The search for the most destructive invasive species in Florida has gone to the dogs.
The giant African land snail eats 500 kinds of plants and even chomps on the stucco on the walls of houses. In the two years since the snails were first discovered proliferating in a Miami neighborhood, state officials say they have found and killed 128,000 of them.
In a news conference last month, Florida's commissioner of agriculture, Adam Putnam, attributed some of that success to what he called "canine detector teams" — in other words, dogs that had been trained by the U.S. Department of Agriculture to track the snails' mucus trail.
The USDA's snail-sniffing dogs — Bear, Sierra and RJ, all Labrador retrievers — are part of a national trend to employ old-fashioned olfactory detection in new ways.
Using dogs to find bombs and drugs is old-school. Now dogs' sensitive schnozes are being put to work finding everything from illegal elephant ivory to contraband sea horses to the root fungus killing pine trees across the South.
In Florida, dogs have even been trained to sniff for bat guano. Why make them hunt for something so gross? To help U.S. Fish and Wildlife Service biologists locate the habitat of the elusive bonneted bat, which last year was proposed for addition to the endangered species list.
"It's just the same as training a dog to find bombs or drugs," explained Todd Steury, a wildlife ecology professor at Auburn University who works with a group called EcoDogs that has sniffed out skunk poop and weasel scat to aid scientists. "You teach them to associate a scent with a reward."
EcoDogs takes a different approach to their training from the USDA's venerable training center in Georgia. The USDA dogs are trained to associate the location of their target with getting a snack. Instead of food, the EcoDogs get a ball to play with.
"We look for dogs that have a very strong ball drive," Steury said. "Some of them will work themselves to death to play with that ball. They love what they do."
Bart Rogers, a trainer with Auburn's EcoDogs, took two Labs on the bonneted bat search, Baxter and Felix, both 3-year-olds. He also took some very low expectations.
"That's probably the rarest bat species in the United States," Rogers, 26, said. "I totally expected to work 21 days and not find anything."
Florida bonneted bats are the state's largest, with a wingspan of 19 to 21 inches. Their name comes from their broad ears that slant forward over their eyes as if wearing an old-fashioned bonnet. Biologists estimate there are no more than a few hundred of them, roosting in hollow trees in places like the Picayune Strand State Forest near Naples and eating their weight in insects every night.
Sniffing out their fecal remains is a subtle talent, Steury explained. "Bear poop has an odor you can pick up 100 yards away," he said. But bat guano is smaller, so its smell is less pungent.
Rogers and his dogs hunted the bats in places like the Babcock-Webb Wildlife Management Area near Punta Gorda. Working eight to 10 hours a day for 21 days, covering a total of 165 miles, Rogers' dogs located "one piece of pill-size guano" that might be from a bonneted bat, he said. DNA tests that would settle the matter have not yet been concluded.
This wasn't Rogers' first foray into Florida with the EcoDogs.
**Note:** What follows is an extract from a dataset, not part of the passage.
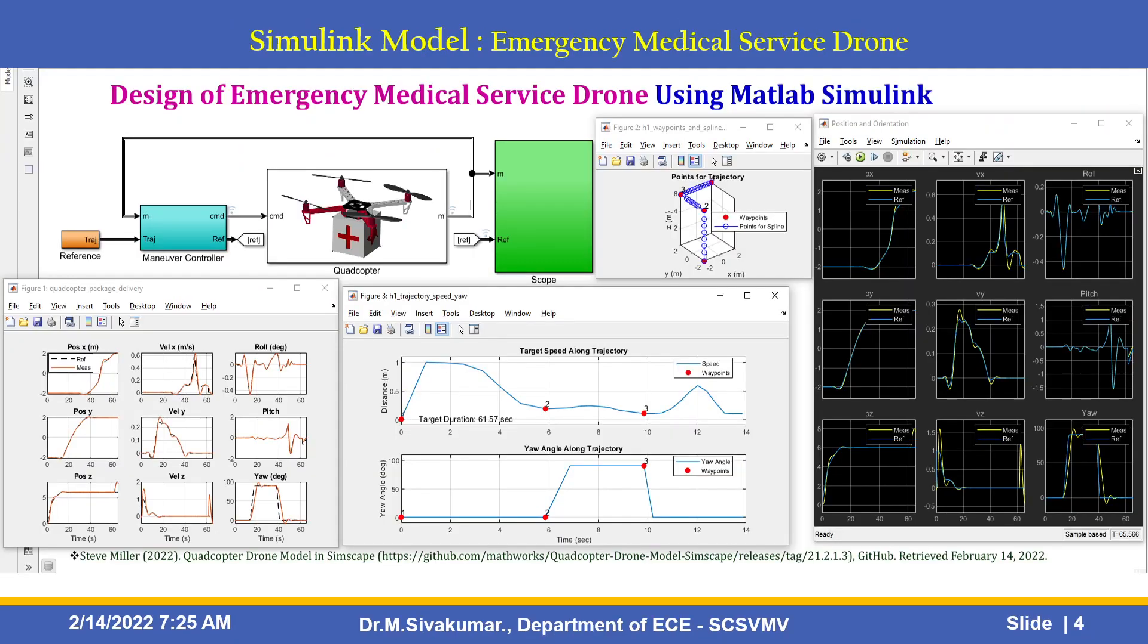This is the Simulink model of Emergency Medical Service Drone. These are all the subsystems available in this model: reference block, maneuver controller, and quadcopter subsystem and scope subsystem. These are outputs. We can see position and orientation of the drone and waypoints and points for spline and target speed along trajectory, yaw angle along trajectory and also you can see the position and velocity.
In 2010 and 2011, he participated in a test to see if dogs could do a better job than humans in tracking down the pythons that have virtually taken over parts of the Everglades.
Rogers' dogs found pythons more often, and found even the littlest ones, said Christina Ramagosa, a University of Florida professor who worked on the testing. He took a dog out to an Everglades tree island where someone had spotted a snake "and the dog found it in a matter of seconds," she said. "It was a female with 19 eggs."
However, they learned that the humidity affected the dogs' ability to find the pythons. The Florida heat gets to the dogs pretty quickly, too. They couldn't hunt for as long.
As for the giant African snail search in Miami, the USDA dispatched handler Jodi Daugherty to spend a month training the three dogs to hunt for the snails, which were allegedly smuggled into Florida by a religious cult that used them in its ceremonies.
The agency picked Labs instead of the beagles used at airports, said supervisor Aaron Beaumont, because the Labs are hardier and less likely to get distracted. The dogs were trained to sniff out "the mucus, the live snail, the shell — the whole thing," he said.
State officials regarded the use of the USDA dog team as a test. They passed, finding not only some snails that had been planted as part of the experiment, but also two more that were wild. As a result, look for handlers for a couple of snail-sniffing dogs to be added to the state's own payroll soon, at an estimated cost of $250,000.
"We are currently in the recruiting process of hiring two permanent canine handlers to be dedicated to working on the eradication program," said Denise Felber of the Florida Department of Agriculture and Consumer Services. "We are hopeful to have handlers and canines working in the field early next year."